Abstract

We give an algorithm, with R code, to minimize the multidimensional scaling stress loss function under the condition that some or all of the fitted distances are smaller than given upper bounds.Note: This is a working paper which will be expanded/updated frequently. All suggestions for improvement are welcome. The directory gifi.stat.ucla.edu/below has a pdf version, the complete Rmd file with all code chunks, the bib file, and the R source code.

In this paper we study the minimization of *stress*, defined as \[
\mathbf{stress}(X):=\frac14\sum_{i=1}^n\sum_{j=1}^n w_{ij}(\delta_{ij}-d_{ij}(X))^2
\] over \(n\times p\) *configuration matrices* \(X\). Here \(W=\{w_{ij}\}\) and \(\Delta=\{\delta_{ij}\}\) are given symmetric, hollow, and non-negative matricesof, respectively, *weights* and *dissimilarities*. The \(d_{ij}(X)\) are Euclidean distances between the points with coordinates in the rows of \(X\). Thus \[
d_{ij}^2(X):=(x_i-x_j)'(x_i-x_j)=(e_i-e_j)'XX'(e_i-e_j)=\mathbf{tr}\ X'A_{ij}X.
\] Here \(e_i\) and \(e_j\) are unit vectors, with all elements equal to zero except for the single element \(i\) or \(j\), which is equal to one. Also \(A_{ij}:=(e_i-e_j)(e_i-e_j)'\).

The problem of minimizing stress is well-studied (see, for example, Borg and Groenen (2005)) . In this paper we analyze the problem of minimizing stress over all configurations \(X\) for which \(d_{ij}(X)\leq\alpha_{ij}\) for some or all pairs \(i,j\), where the \(\alpha_{ij}\) are positive bounds. As a special case we have *MDS from below*, where we require \(d_{ij}(X)\leq\delta_{ij}\) for all \(i,j\).

Note that constraints of this type are not exactly independent.
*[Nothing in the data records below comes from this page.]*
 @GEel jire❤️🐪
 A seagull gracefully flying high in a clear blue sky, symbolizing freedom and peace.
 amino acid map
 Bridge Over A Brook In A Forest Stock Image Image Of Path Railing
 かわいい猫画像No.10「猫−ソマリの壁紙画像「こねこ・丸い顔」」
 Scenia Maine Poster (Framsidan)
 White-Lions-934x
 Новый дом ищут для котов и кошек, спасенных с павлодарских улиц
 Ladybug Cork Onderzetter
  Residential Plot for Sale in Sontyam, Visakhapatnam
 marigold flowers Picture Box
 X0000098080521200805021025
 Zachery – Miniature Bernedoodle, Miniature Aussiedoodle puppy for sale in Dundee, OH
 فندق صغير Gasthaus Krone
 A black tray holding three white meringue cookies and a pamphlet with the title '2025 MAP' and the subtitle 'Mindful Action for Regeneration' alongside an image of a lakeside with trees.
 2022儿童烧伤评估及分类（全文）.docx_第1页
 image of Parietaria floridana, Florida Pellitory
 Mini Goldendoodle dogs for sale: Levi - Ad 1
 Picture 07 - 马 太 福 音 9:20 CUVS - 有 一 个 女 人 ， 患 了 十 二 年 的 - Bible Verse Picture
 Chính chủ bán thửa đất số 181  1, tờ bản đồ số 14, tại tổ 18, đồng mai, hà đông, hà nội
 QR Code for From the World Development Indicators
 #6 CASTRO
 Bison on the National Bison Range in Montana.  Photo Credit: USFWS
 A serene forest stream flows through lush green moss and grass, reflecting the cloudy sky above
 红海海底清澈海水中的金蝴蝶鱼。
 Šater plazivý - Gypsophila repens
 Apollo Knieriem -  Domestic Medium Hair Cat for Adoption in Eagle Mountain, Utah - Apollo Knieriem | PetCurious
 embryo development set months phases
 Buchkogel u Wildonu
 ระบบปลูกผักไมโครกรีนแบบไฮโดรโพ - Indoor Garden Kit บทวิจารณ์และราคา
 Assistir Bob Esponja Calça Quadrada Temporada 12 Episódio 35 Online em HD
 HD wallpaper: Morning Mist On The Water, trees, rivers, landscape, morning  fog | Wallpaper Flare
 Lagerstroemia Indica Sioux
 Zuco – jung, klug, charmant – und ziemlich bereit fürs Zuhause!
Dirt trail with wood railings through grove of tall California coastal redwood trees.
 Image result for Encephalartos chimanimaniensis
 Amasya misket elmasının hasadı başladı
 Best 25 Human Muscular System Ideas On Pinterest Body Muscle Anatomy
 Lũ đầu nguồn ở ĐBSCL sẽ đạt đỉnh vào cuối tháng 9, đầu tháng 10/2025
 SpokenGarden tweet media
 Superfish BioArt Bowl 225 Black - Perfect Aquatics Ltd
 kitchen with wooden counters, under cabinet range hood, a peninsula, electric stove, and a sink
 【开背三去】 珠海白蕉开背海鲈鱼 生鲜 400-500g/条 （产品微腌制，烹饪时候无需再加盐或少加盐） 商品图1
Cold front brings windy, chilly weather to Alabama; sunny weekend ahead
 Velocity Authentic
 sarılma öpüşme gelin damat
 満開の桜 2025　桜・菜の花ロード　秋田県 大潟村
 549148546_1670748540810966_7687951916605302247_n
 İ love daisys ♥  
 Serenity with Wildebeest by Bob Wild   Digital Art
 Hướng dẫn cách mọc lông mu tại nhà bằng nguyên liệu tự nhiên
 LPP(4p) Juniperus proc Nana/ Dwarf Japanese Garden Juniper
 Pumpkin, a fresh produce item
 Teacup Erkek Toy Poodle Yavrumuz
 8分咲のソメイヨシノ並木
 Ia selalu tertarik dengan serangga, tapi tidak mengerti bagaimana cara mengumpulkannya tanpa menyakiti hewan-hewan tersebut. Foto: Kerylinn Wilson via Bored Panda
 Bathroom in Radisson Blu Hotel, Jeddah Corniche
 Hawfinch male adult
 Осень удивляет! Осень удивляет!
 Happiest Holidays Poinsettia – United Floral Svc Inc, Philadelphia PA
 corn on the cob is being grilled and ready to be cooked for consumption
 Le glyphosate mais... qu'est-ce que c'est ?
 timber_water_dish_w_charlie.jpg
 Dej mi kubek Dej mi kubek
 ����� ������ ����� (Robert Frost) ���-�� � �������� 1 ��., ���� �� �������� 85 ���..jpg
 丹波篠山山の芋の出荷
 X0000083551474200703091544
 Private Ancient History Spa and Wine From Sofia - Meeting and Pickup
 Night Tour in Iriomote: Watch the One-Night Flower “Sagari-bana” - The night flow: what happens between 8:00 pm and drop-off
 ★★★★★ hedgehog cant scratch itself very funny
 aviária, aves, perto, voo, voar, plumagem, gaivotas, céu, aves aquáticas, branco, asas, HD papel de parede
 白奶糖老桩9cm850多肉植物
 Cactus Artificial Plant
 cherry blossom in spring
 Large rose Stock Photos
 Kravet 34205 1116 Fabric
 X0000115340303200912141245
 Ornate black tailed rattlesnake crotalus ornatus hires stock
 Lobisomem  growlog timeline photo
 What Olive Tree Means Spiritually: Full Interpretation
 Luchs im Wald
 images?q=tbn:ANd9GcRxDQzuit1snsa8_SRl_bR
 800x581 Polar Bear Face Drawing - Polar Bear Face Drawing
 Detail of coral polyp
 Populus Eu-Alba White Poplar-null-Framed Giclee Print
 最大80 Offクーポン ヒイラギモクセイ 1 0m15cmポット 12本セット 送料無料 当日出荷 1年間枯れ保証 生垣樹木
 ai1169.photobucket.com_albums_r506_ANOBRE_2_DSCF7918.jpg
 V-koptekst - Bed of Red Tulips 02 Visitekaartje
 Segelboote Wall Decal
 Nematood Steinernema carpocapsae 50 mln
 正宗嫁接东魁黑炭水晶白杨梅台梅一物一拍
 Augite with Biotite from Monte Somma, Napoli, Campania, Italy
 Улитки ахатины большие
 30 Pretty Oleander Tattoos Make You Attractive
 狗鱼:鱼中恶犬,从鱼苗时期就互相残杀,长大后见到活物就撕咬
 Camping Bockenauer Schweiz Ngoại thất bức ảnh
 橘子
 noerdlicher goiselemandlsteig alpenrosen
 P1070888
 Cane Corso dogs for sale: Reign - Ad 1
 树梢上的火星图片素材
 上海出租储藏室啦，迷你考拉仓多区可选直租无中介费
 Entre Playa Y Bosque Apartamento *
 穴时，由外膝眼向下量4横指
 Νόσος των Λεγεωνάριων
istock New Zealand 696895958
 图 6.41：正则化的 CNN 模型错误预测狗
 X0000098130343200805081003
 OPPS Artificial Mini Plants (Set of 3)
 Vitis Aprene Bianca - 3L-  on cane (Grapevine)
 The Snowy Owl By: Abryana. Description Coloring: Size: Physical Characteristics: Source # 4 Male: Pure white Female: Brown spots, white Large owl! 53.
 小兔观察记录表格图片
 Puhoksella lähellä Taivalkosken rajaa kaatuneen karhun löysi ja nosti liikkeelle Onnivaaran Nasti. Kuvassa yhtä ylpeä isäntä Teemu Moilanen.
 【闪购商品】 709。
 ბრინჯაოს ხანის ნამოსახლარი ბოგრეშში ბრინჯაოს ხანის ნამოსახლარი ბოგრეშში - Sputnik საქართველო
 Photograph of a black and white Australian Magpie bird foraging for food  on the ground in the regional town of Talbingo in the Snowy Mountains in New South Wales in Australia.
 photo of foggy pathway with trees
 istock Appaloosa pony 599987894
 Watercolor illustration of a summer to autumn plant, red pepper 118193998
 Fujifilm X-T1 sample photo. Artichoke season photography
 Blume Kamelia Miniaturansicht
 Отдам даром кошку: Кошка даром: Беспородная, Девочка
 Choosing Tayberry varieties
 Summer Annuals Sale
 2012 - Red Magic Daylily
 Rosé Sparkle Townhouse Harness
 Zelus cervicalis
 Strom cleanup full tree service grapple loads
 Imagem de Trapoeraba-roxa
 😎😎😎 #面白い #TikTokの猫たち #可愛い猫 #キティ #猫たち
If we require \(d_{ij}(X)\leq\alpha_{ij}\) and \(d_{ik}(X)\leq\alpha_{ik}\) then, by the triangle inequality, we automatically require \(d_{jk}(X)\leq\alpha_{ij}+\alpha_{ik}\). On the other hand the constraints are always consistent, because they will be satisfied if we take \(X\) small enough.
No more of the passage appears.